Uniting for Child Safety: Building a Safer Tomorrow Together

Coming Together is a beginning. Keeping together is progress. Working together is
success.” -Henry Ford

Community- collaboration in child safeguarding acknowledges that everybody in the wider community is responsible for safeguarding children and raising awareness of safeguarding issues and knowing what to look for in order to identify signs that harm is occurring.

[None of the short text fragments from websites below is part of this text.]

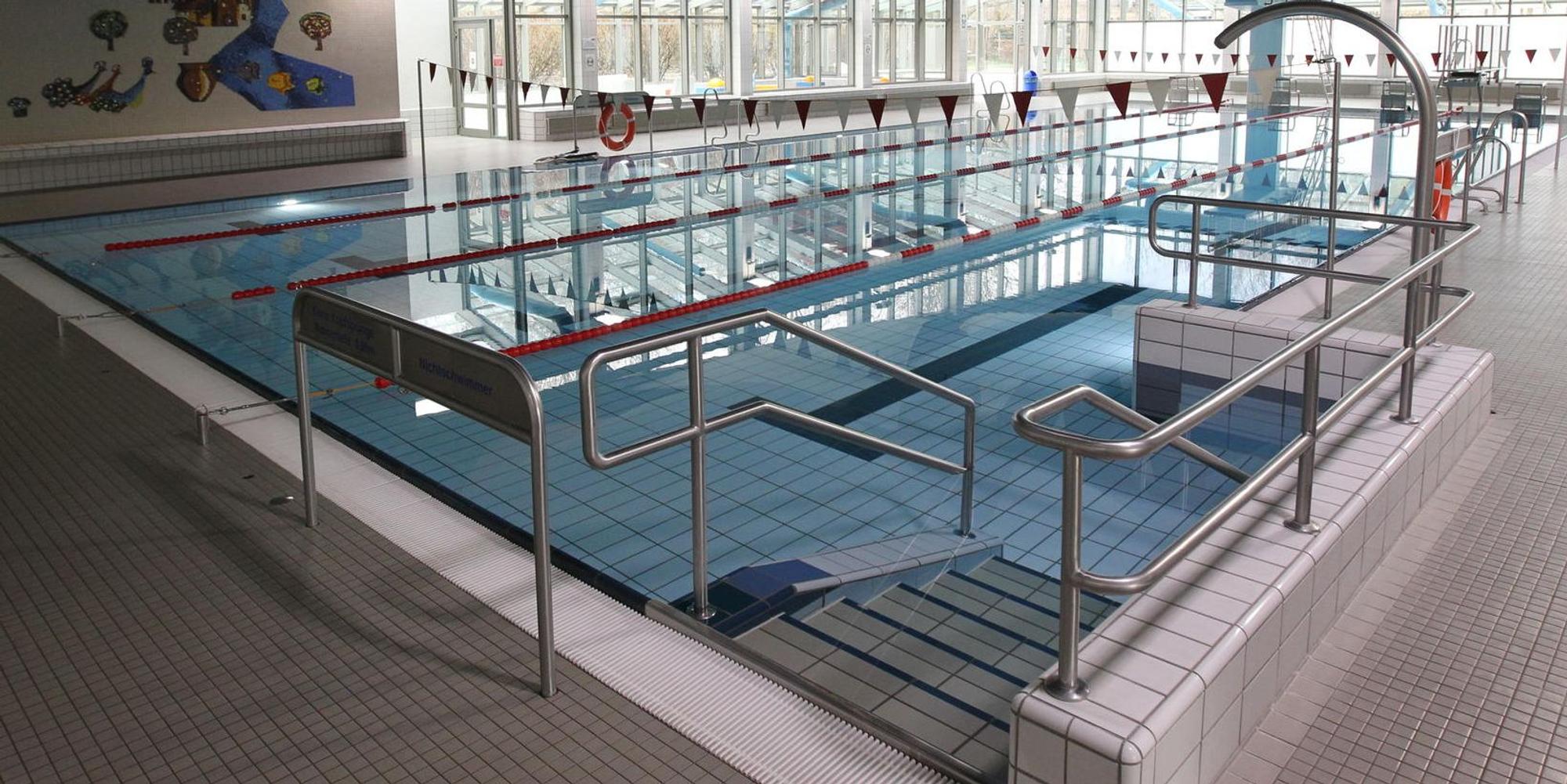 Hallenbad_Niederkassel_Lülsdorf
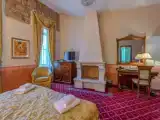 Номер Deluxe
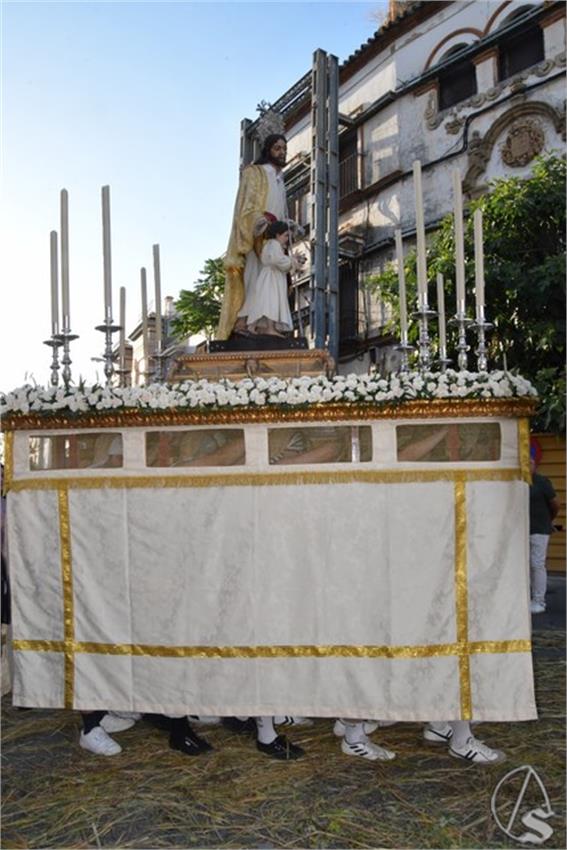 3._San_Jose._2026._Alcala_de_Guadaira_34_Copiar.JPG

Bridge International Academies has incorporated community collaboration in its child safeguarding works and this has been achieved by Bridge being able to;

1. Establish a database of organizations working with children across all communities where Bridge serve.
2. The contact details of each partner & the importance of contacting them are provided and explained to the alleged victim’s parents/guardian by the Resolution Manager, after which the Schools Supervisor also follows up with the parents to ensure that the
partners have been contacted.
3. The database of this partners is categorized per proximity to a specific school and includes the nearest hospital that can provide a medical report for defilement, police station, gender officer, children's officer, local chief, ChildLine and counselling center.
4. This database has allowed for the schools’ community to refer cases related to child safeguarding to these organizations for support in training, intervention, guidance & counselling of the cases, allowing for all community leaders, government and other organization in the community to be made aware of the perpetrators behavior and the
case.

Other ways that Bridge International Academies has used Community Collaboration in its child safeguarding work.
1. Bridge International Academies has been working with like-minded organizations to engage, advocate and champion matters of child safeguarding through the Child Safeguarding Association of Kenya (CSAK) leveraging on the members unique experiences, networks and resources, to drive transformative change in the Kenyan Society.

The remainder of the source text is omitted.